Only the lines below from the one that contains "Level up game" through the one that contains "T-shirt 桜にハヤブサ, faucon" should appear in your answer, exact and without pictures.

- DATASET EXCERPTS

=== Section Start ===

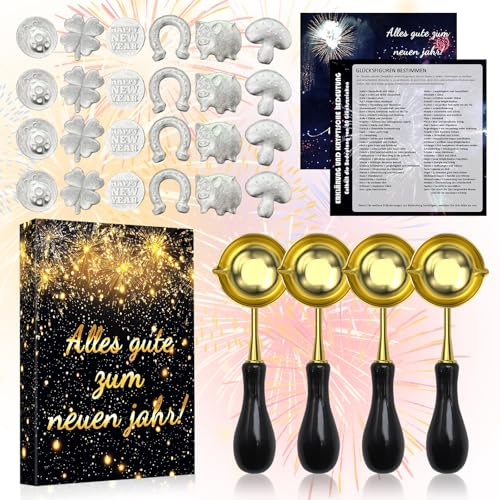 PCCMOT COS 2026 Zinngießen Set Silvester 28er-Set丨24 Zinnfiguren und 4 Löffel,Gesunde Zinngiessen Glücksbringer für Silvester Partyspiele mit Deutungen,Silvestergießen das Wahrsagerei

=== Section End ===
=== Section Start ===

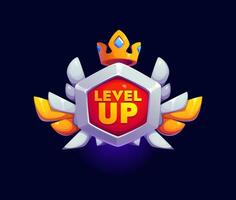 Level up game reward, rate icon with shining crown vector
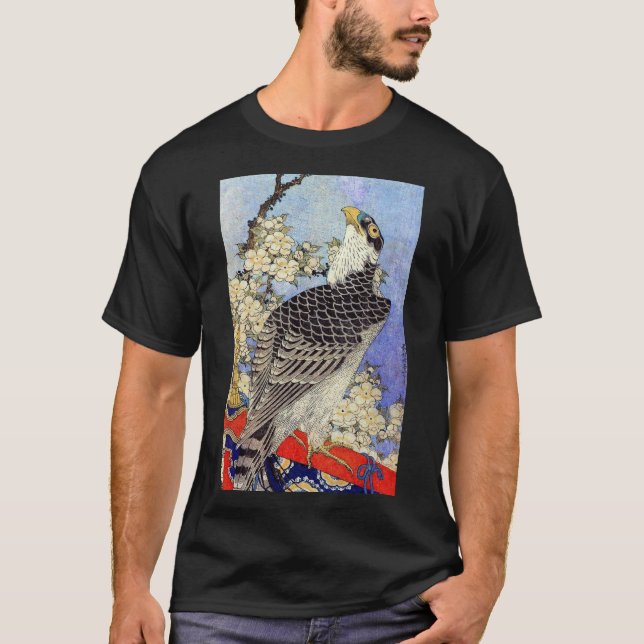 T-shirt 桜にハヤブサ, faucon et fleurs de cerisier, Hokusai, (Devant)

=== Section End ===
=== Section Start ===

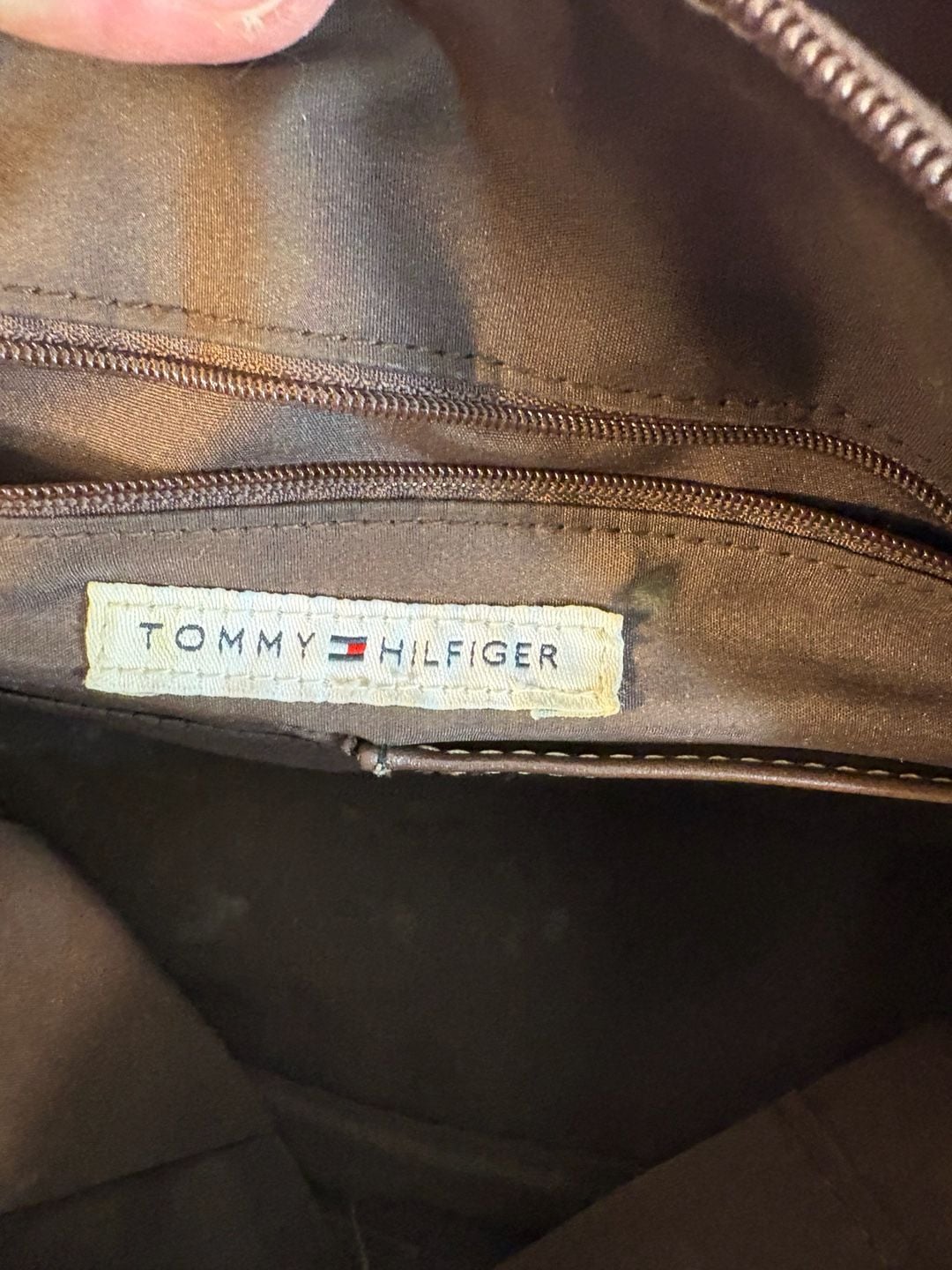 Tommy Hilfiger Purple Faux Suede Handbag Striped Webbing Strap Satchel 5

=== Section End ===

- ANSWER TO THE EXERCISE
 Level up game reward, rate icon with shining crown vector
 T-shirt 桜にハヤブサ, faucon et fleurs de cerisier, Hokusai, (Devant)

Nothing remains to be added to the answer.